On Fri, Dec 15, 2023 at 02:23:48PM +0800, Tian, Kevin wrote:
> > From: Zhao, Yan Y <yan.y.zhao at intel.com>
> > Sent: Thursday, December 14, 2023 6:35 PM
> > 
> > - For host non-MMIO pages,
> >   * virtio guest frontend and host backend driver should be synced to use
> >     the same memory type to map a buffer. Otherwise, there will be
> >     potential problem for incorrect memory data. But this will only impact
> >     the buggy guest alone.
> >   * for live migration,
> >     as QEMU will read all guest memory during live migration, page aliasing
> >     could happen.
> >     Current thinking is to disable live migration if a virtio device has
> >     indicated its noncoherent state.
> >     As a follow-up, we can discuss other solutions. e.g.
> >     (a) switching back to coherent path before starting live migration.
> 
> both guest/host switching to coherent or host-only?
> 
> host-only certainly is problematic if guest is still using non-coherent.
Both.

> on the other hand I'm not sure whether the host/guest gfx stack is
> capable of switching between coherent and non-coherent path in-fly
> when the buffer is right being rendered.
> 
Yes. I'm also not sure about it. But it's an option though.

> >     (b) read/write of guest memory with clflush during live migration.
> 
> write is irrelevant as it's only done in the resume path where the
> guest is not running.
Given host write is with PAT WB and hardware is in no-snoop mode, is it
better to perform cache flush after host write?
(can do more investigation to check if it's necessary).

BTW, there's also post-copy live migration, in which case the guest is
running :)

> 
> > 
> > Implementation Consideration
> > ===
> > There is a previous series [1] from google to serve the same purpose to
> > let KVM be aware of virtio GPU's noncoherent DMA status. That series
> > requires a new memslot flag, and special memslots in user space.
> > 
> > We don't choose to use memslot flag to request honoring guest memory
> > type.
> 
> memslot flag has the potential to restrict the impact e.g. when using
> clflush-before-read in migration? Of course the implication is to
> honor guest type only for the selected slot in KVM instead of applying
> to the entire guest memory as in previous series (which selects this
> way because vmx_get_mt_mask() is in perf-critical path hence not
> good to check memslot flag?)
>
I think checking memslot flag in itself is all right.
But memslot flag does not contain the memory type that host is using for
the memslot.
On the other hand, virtio GPU is not the only source of non-coherent DMAs.
Memslot flag way is not applicable to pass-through GPUs, due to lacking of
coordination between guest and host.

> > Instead we hope to make the honoring request to be explicit (not tied to a
> > memslot flag). This is because once guest memory type is honored, not only
> > memory used by guest virtio device, but all guest memory is facing page
> > aliasing issue potentially. KVM needs a generic solution to take care of
> > page aliasing issue rather than counting on memory type of a special
> > memslot being aligned in host and guest.
> > (we can discuss what a generic solution to handle page aliasing issue will
> > look like in later follow-up series).
> > 
> > On the other hand, we choose to introduce a KVM virtio device rather than
> > just provide an ioctl to wrap kvm_arch_[un]register_noncoherent_dma()
> > directly, which is based on considerations that
> 
> I wonder it's over-engineered for the purpose.
> 
> why not just introducing a KVM_CAP and allowing the VMM to enable?
As we hope to increase non-coherent DMA count on hot-plug of a non-coherent
device and decrease non-coherent DMA count on hot-unplug of the non-coherent
device, a KVM_CAP looks requiring user to maintain a ref count before turning
on/off, which is less desired. Agree?

> KVM doesn't need to know the exact source of requiring it...
Maybe we can use the source info in a way like this:
1. indicate the source is not a passthrough device
2. record relationship between GPA and memory type.
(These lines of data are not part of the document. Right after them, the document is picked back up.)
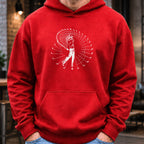 Pure Swing Hoodie worn, Red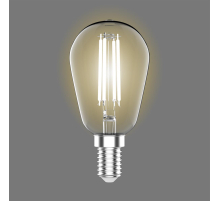 Лампа светодиодная филаментная Gauss E14 4,5W 2700K прозрачная 1141115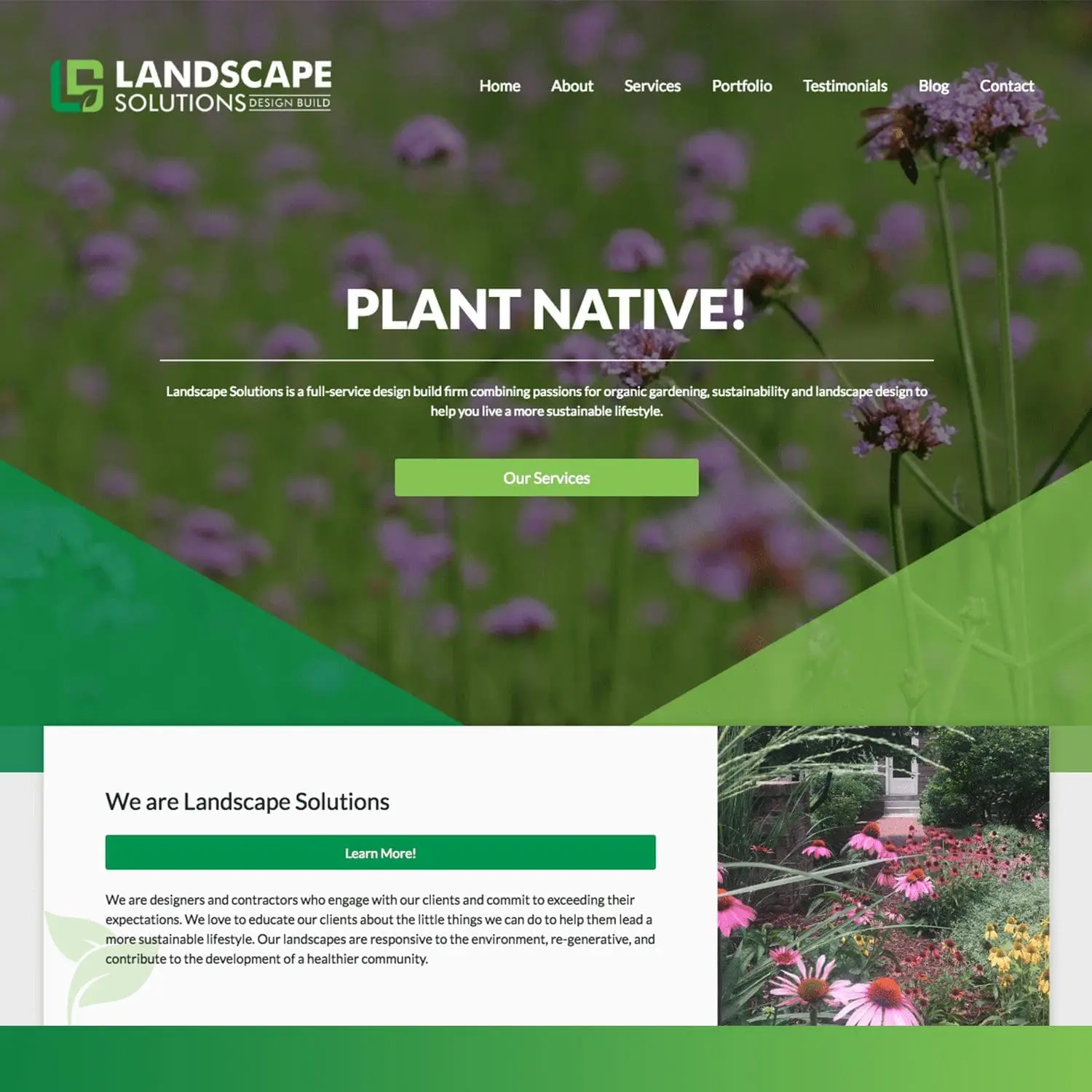 Landscape Solutions, Home Page - Nashville Website Design & Digital Marketing, SEO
Then, if KVM knows non-coherent DMAs do not contain any passthrough 
devices, it can force a GPA's memory type (by ignoring guest PAT) to the
one specified by host (in 2), so as to avoid cache flush operations before
live migration.

If there are passthrough devices involved later, we can zap the EPT and
rebuild memory type to honor guest PAT, resorting to cache flush before
live migration to maintain coherency.